I got the following function which is supposed to be harmonic on the unit ball
Is there a quick way to show that this is true ?
$\frac 1 {\left\| |y| x - \frac y {|y|} \right\|} =f(x)$ for all $x,y \in $ the unit ball $\mathbb B_1(0) \subset \mathbb R^3$
I tried to find some "clever "substitution to solve this without too much calculation, but couldn't find any
Edit: $\Delta_x f(x,y)=0$ (only harmonic with respect to $x$)

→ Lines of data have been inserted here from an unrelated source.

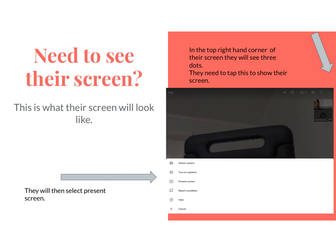Even more frequently, I use the feature where you can see the student's screen. This is what their screen is going to look like — they'll have volume, closed captioning, participant count, the chat box, and three dots in the top right corner. Those three dots are where they need to tap if they want to show you their screen. Once they tap those, a menu pops up at the bottom and they'll push 'Present Screen,' which will let you see what's on their screen.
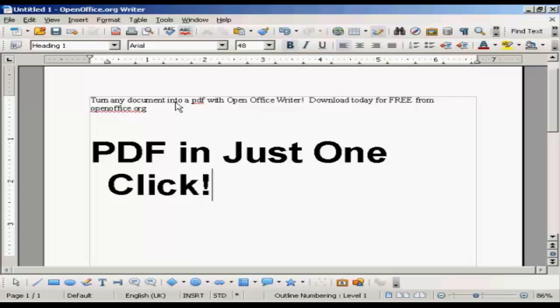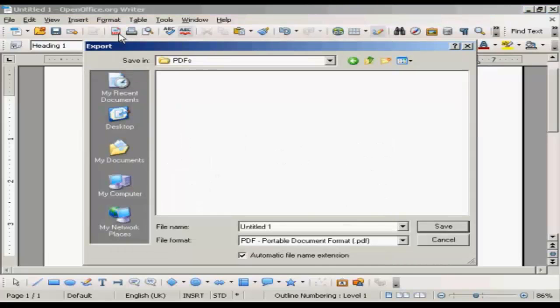All you have to do is come up here to the main toolbar and click on the PDF icon. This window opens up — we just need to give our PDF a name. Let's call it Example, and then click on Save.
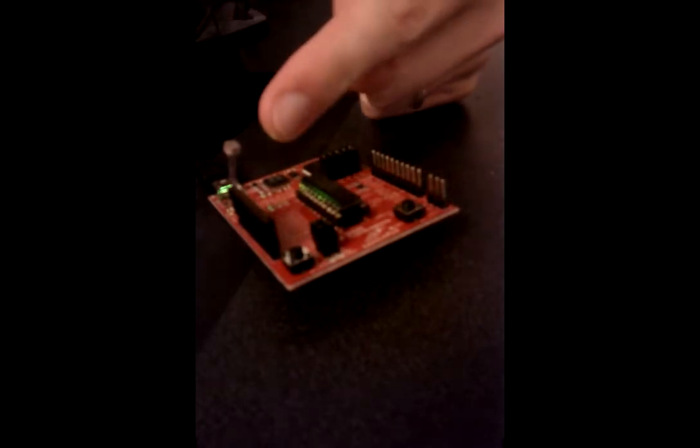Okay, so this is our application for assignment number four. It has a light sensor attached here.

Introduce $ z = \frac{y}{\Vert y \Vert^2} \in \mathbb{R}^3 \setminus \overline{\mathbb{B}_1 (0)}$ and write $$ f(x) = \frac{1}{\Vert y \Vert \Vert x -z \Vert} \equiv \frac{g(x-z)}{\Vert y \Vert} \, . $$ $g : \mathbb{R}^3 \setminus \{0\} \to \mathbb{R}, g(v) = \Vert v \Vert^{-1} ,$ is a smooth, harmonic function, which can be shown by direct calculation.
Thus $f : \mathbb{R}^3 \setminus \{z\} \to \mathbb{R}$ is smooth and harmonic by the chain rule. Since $z \not\in \mathbb{B}_1 (0)$, $f$ is harmonic on the unit ball.